• [GOAL OF THE EXERCISE]:
The output should hold exactly, and only, the lines from the line bearing "LEGO Ninjago 9445" through the last line of the listing below, and no pictures.

*** Opening DATASET SECTION ***

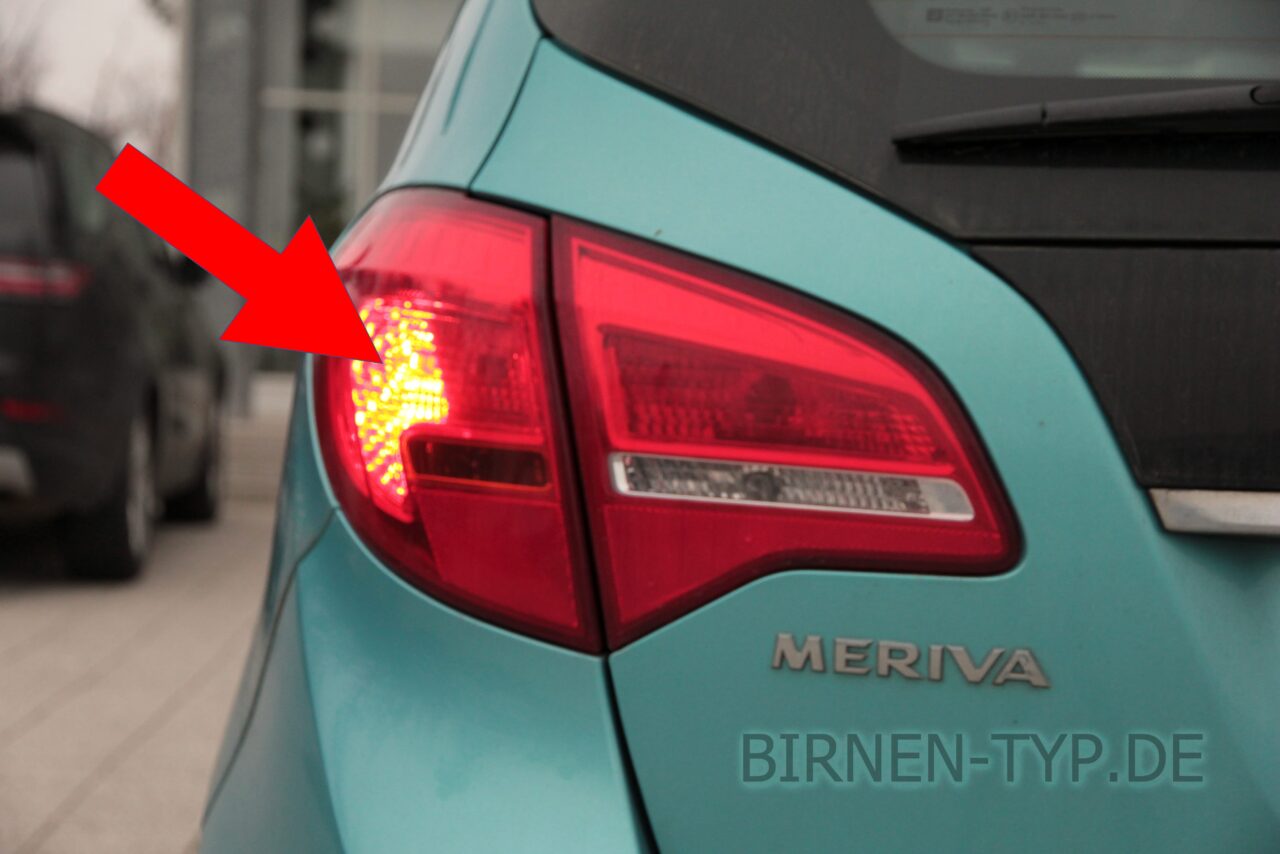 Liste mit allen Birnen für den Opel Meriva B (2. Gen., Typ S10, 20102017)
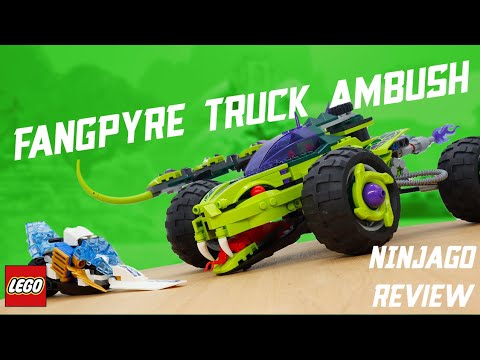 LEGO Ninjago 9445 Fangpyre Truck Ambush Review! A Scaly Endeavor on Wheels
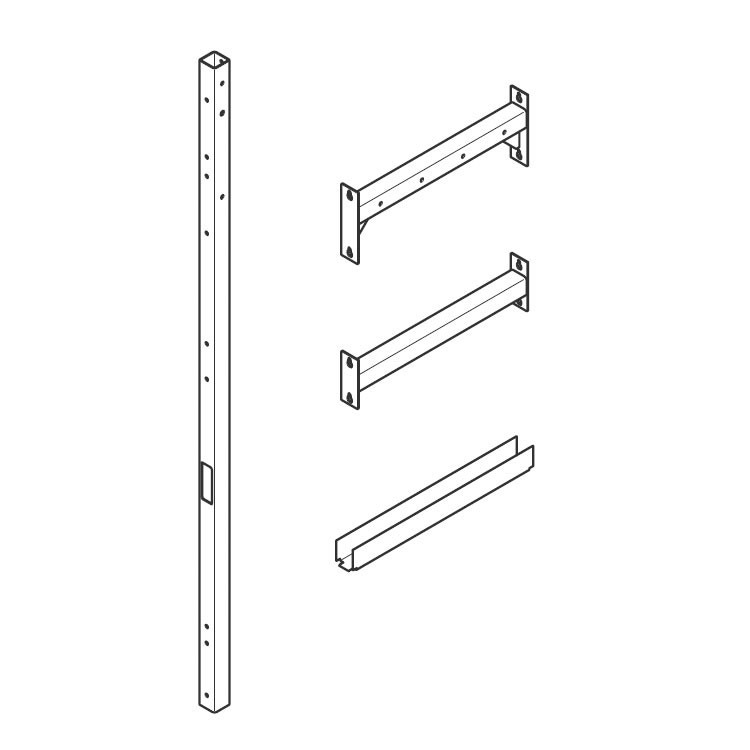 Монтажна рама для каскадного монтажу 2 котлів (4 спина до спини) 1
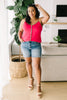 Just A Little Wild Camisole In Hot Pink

*** Closing DATASET SECTION ***

• [ANSWER AREA]:
 LEGO Ninjago 9445 Fangpyre Truck Ambush Review! A Scaly Endeavor on Wheels
 Монтажна рама для каскадного монтажу 2 котлів (4 спина до спини) 1
 Just A Little Wild Camisole In Hot Pink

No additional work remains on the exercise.